Will writing help with the sadness?

I grew up in Connecticut. It was in a town just like Newtown. It was safe and it was quiet.

I am a father and a grandfather. My life is surrounded with children.

This weekend has been tough. You try to read or write something, but the mind wanders. Then you feel sadness. The more you think about the specifics, the sadder it gets. Your heart aches.

Our nation feels it. I recently read the words ‘collective grief.’ That about sums it up. And this too: we are collectively sorry for those poor souls.

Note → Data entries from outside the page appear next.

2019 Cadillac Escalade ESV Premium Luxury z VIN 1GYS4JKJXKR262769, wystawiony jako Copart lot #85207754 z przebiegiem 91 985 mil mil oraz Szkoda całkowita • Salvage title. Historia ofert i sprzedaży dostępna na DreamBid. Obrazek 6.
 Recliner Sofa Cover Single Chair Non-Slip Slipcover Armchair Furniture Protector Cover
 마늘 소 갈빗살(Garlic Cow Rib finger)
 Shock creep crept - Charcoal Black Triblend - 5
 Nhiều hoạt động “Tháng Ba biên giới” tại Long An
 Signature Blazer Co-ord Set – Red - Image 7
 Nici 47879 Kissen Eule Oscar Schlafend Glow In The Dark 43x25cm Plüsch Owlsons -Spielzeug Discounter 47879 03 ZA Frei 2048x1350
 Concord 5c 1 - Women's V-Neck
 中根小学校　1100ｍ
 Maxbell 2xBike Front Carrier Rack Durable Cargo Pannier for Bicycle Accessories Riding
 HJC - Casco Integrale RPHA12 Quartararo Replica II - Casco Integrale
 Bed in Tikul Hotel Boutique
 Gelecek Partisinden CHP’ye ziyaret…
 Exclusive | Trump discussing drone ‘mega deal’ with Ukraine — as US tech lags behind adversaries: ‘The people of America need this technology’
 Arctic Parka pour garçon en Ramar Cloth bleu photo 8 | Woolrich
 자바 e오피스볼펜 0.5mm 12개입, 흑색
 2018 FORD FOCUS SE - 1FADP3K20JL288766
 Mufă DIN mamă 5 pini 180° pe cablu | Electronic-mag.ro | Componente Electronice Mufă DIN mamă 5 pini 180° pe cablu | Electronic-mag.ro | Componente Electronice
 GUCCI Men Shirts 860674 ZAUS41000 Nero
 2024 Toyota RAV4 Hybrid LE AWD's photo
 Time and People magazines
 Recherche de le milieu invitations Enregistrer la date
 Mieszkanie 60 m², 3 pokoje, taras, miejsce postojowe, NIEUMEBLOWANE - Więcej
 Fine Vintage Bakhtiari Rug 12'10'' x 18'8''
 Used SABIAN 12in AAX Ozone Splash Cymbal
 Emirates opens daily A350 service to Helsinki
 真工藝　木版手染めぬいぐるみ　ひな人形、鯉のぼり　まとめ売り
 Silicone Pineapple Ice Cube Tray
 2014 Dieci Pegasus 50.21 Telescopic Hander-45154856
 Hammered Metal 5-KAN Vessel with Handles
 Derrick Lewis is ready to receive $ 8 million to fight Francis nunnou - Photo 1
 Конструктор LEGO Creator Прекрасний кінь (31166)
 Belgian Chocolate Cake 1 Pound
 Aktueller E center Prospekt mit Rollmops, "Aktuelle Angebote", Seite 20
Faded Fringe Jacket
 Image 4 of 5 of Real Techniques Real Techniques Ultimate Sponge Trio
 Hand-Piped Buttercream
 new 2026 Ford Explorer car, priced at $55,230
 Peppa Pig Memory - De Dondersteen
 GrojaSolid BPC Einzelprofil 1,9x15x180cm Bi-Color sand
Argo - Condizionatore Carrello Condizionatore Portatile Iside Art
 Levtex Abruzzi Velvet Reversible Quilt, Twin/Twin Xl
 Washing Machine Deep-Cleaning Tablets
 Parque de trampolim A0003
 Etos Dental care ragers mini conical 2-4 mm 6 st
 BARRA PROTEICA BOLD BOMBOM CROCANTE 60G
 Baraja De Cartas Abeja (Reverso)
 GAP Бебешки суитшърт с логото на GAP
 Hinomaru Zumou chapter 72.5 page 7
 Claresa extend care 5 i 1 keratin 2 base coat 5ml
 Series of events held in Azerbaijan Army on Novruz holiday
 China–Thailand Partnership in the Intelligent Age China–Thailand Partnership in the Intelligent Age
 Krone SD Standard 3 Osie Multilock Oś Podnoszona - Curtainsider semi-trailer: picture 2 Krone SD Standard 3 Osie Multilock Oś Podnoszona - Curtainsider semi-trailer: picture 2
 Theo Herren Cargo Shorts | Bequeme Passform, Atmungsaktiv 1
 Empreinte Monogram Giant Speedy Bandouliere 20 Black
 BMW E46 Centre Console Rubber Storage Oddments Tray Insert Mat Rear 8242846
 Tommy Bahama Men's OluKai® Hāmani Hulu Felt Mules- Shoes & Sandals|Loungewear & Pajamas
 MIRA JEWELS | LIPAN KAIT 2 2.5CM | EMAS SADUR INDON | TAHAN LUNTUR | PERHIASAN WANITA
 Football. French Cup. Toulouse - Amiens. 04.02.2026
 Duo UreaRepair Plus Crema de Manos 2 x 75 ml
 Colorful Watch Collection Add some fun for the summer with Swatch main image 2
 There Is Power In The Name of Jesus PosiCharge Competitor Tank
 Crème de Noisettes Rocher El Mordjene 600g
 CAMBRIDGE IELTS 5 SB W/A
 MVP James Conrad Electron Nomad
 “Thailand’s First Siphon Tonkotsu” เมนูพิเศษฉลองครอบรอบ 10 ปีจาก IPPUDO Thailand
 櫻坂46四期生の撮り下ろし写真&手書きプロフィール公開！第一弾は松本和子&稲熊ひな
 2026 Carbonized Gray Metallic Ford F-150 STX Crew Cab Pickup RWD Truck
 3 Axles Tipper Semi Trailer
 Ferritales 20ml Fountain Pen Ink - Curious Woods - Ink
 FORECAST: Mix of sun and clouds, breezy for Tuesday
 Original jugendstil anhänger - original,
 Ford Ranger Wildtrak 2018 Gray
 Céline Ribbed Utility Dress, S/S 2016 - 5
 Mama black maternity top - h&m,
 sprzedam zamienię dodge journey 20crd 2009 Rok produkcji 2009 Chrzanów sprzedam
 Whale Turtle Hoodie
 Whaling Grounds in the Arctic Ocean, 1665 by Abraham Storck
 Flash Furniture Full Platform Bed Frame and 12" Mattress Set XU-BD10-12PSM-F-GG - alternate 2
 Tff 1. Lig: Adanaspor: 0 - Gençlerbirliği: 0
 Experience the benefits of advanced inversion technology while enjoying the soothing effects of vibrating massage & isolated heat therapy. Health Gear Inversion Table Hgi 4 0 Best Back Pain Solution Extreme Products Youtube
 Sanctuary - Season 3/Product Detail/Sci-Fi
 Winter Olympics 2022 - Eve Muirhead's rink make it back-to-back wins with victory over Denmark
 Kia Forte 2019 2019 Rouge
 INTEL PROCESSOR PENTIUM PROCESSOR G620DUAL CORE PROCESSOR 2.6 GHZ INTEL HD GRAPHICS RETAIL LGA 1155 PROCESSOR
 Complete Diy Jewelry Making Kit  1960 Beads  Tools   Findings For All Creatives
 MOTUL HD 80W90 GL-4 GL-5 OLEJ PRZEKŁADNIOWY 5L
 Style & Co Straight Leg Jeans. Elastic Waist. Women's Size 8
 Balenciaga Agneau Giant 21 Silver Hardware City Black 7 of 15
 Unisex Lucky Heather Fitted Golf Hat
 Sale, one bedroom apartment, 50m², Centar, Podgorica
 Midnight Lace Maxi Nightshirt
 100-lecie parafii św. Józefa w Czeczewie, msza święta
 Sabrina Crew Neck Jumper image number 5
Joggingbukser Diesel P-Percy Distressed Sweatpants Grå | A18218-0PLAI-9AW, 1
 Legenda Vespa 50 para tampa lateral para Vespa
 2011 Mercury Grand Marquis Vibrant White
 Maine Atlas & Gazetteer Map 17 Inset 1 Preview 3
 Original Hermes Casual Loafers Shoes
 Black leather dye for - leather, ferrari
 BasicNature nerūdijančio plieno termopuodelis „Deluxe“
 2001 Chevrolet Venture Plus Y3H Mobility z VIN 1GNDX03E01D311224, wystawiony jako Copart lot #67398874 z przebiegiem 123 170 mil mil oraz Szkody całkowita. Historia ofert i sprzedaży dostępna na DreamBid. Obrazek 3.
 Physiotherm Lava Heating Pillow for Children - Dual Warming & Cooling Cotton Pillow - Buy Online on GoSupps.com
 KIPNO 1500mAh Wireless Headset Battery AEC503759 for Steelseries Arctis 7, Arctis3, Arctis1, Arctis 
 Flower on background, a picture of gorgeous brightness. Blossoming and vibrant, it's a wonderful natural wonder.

Now I might make you mad. But it needs to be said, now more than ever.

On Guns:

My mom had only two unbreakable rules for us four kids: No guns and no motorcycles.

Guns scare me. I don’t like seeing them or being near them.

I only shot a gun once. It was during my short stint in the Boy Scouts. (I didn’t make it long in the Scouts.) I also learned to shoot a bow, but after killing a squirrel once, I felt awful, and stopped that too. Though I personally don’t like hunting, I understand its draw. Okay, many use guns to hunt.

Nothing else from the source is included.